We are able to see the month and the generated messages. We can see the most messages are in the month of “February”.
whatsapp_df4 = whatsapp_df.copy()
whatsapp_df4['Number_of_messages'] = [1] * whatsapp_df4.shape[0]
whatsapp_df4['month'] = whatsapp_df4['datetime'].apply(lambda x: x.month)
df_month = whatsapp_df4.groupby('month')['Number_of_messages'].count().sort_values(ascending = False).reset_index()
df_month.head()
Data Visualization:
In this analysis, we have found out that the busiest month was “February”, the total number of messages had reached around 32.
#Formating
sns.set_style("darkgrid")
#The background of the chart
matplotlib.rcParams['font.size'] = 12
matplotlib.rcParams['figure.figsize'] = (12, 9)
matplotlib.rcParams['figure.facecolor'] = '#00000000'
fig, ax = plt.subplots()
#Creating a bar chart
sns.barplot(x=df_month.month,y=df_month.Number_of_messages ,hue='month',data=df_month,dodge=False,palette="pastel")
plt.title("Month that have the highest messages and the busiest month?")
4. Determine which text or word did the user use the most?
In here, we are going to use a word cloud for the visual representation of words in the chat and determine which word is widely used by the user.
We need to join all the text data in the dataset and then set the stop words value in order to refrain using very common words like a, an, the etc.
After that, we can use Word Cloud in order to see all the words used in the chats. Based on the size of the word directly relates to frequency of its occurrence in the chat.
Larger the font size of the word in the word cloud more is its frequency.
whatsapp_df5 = whatsapp_df.copy()
#Each of the word in the message will be review
word = " ".join(review for review in whatsapp_df5.message)
stopwords = set(STOPWORDS)
#delete the word/text that are commonly used(eg.the,yes,no,bye,or and is)
stopwords.update(["the","is","yea","ok","okay","or","bye","no","will","yeah","I","almost","if","me","you","done","want","Ya"])
#Creating a word cloud
wordcloud = WordCloud(width = 500, height =500 ,stopwords=stopwords, background_color="black",min_font_size = 10).generate(word)
plt.figure( figsize=(10,5))
plt.imshow(wordcloud, interpolation='bilinear')
plt.axis("off")
plt.show()
5. Which emoji is used the most by which user?
Now we want to know which emoji is widely used by the user and from the analysis we can do an assumption that user is most likely to use the emoji in the chat.
This was the most difficult part in the whole project, I did refer to the code by author but I was not able to successfully run that on my dataset. After a lot of research and going through multiple solutions and trying out each one of them, I finally found a solution to extract emojis from the text chat.

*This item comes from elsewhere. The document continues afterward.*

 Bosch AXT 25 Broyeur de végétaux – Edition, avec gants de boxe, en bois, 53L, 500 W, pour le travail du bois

I first created a list of all the emojis then converted it to dictionary in order to get a count for each time an emoji was used inside the chat.

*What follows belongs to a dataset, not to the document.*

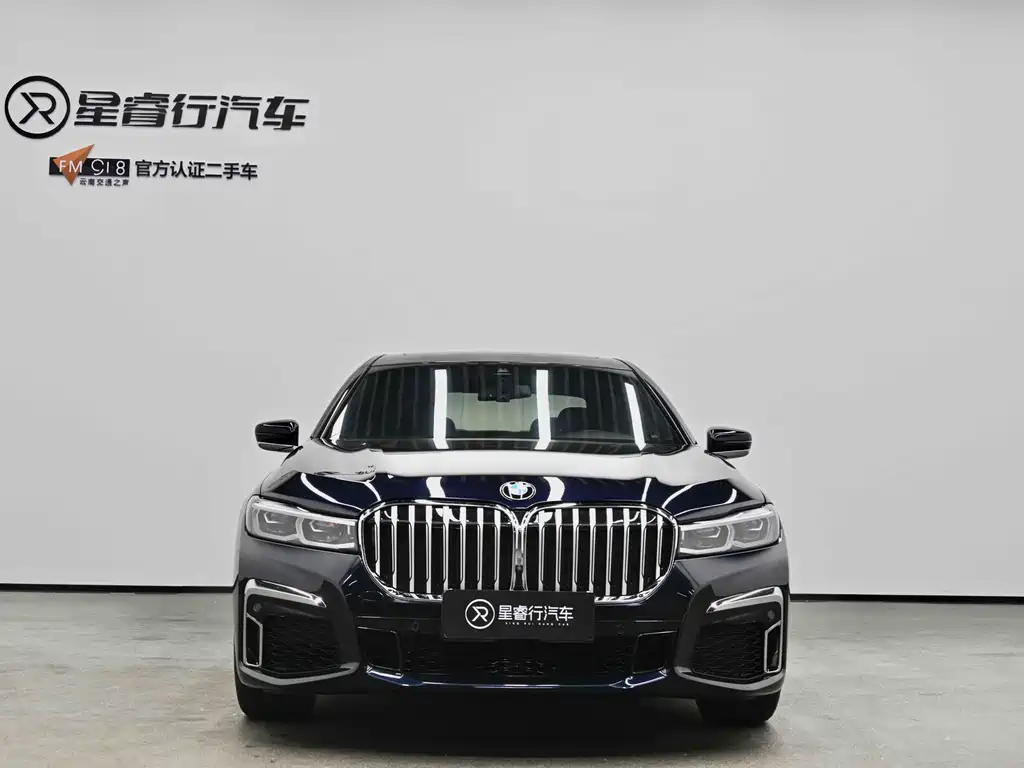 BMW 7 Series 2019 — фото 2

Then I wrote a code to convert the dictionary into a data frame, so that I can perform analysis easily.
Using Pandas:
As the result, you are able to see the most emoji used in WhatsApp chat are “Face with Tears of Joy”.
#Copy a dataset
whatsapp_df2 = whatsapp_df.copy()
import regex
text1 = " ".join(whatsapp_df2["message"])

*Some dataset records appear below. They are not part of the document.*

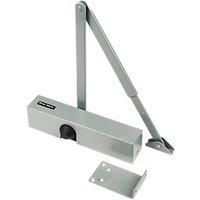 Briton 2003VSES Overhead Door Closer - Silver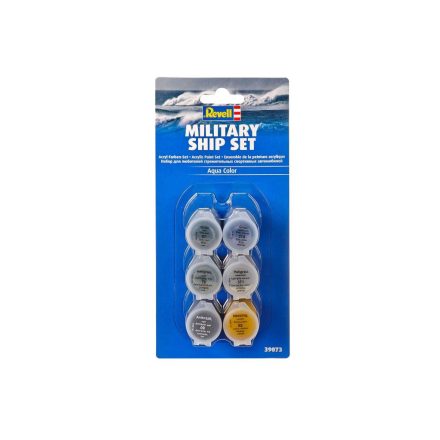 Revell Military Ship makett festékszett (39073)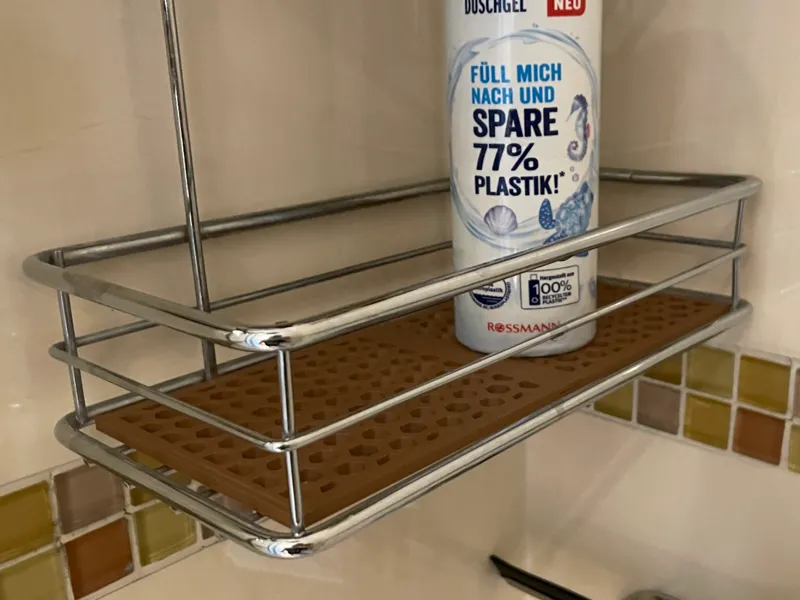 Shampoo Ablage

text_de= emoji.demojize(text1)
emojis_list_de= re.findall(r'(:[!_\-\w]+:)', text_de)
list_emoji= [emoji.emojize(x) for x in emojis_list_de]
from collections import Counter
dict1 = {}
for item in list_emoji:
if item not in dict1:
dict1[item] = 1
else:
dict1[item] += 1
emoji_df = pd.DataFrame(dict1.items(), columns=['emoji1', 'number_of_Emojis'])
emoji_df
Data Visualization:
Before we go into each of the users to determine which emoji is widely used by the user, we need to look at the overall emoji that have been used from three of the users. As you can see on the results, the most widely use emoji among the three users is Face with Tears of Joy that stand around 36.4% from the overall. So, we can agree that most of the time the user will use Face with Tears of Joy Emoji in this group chat.
import plotly.express as px
fig=px.pie(emoji_df,values='number_of_Emojis',names='emoji1')
fig.update_traces(textposition='inside',textinfo='percent+label')
fig.show()
The above code was for all the emojis used in the chat irrespective of the user that had sent.
In order to find the emojis used by a particular user, I had to filter the data frame and then again perform the analysis.
In case of a particular user – “Shakshii”:
filter_name = whatsapp_df2[whatsapp_df2["user"] == "Shakshii"]
text2 = " ".join(filter_name["message"])
text_de2= emoji.demojize(text2)
emojis_list_de2= re.findall(r'(:[!_\-\w]+:)', text_de2)
list_emoji2= [emoji.emojize(x) for x in emojis_list_de2]
dict2 = {}
for item1 in list_emoji2:
if item1 not in dict2:
dict2[item1] = 1
else:
dict2[item1] += 1
emoji_df1 = pd.DataFrame(dict2.items(), columns=['emoji2', 'number_of_Emojis2'])
fig=px.pie(emoji_df1,values='number_of_Emojis2',names='emoji2')
fig.update_traces(textposition='inside',textinfo='percent+label')
fig.show()
Hope you found it helpful. Thank you! 😊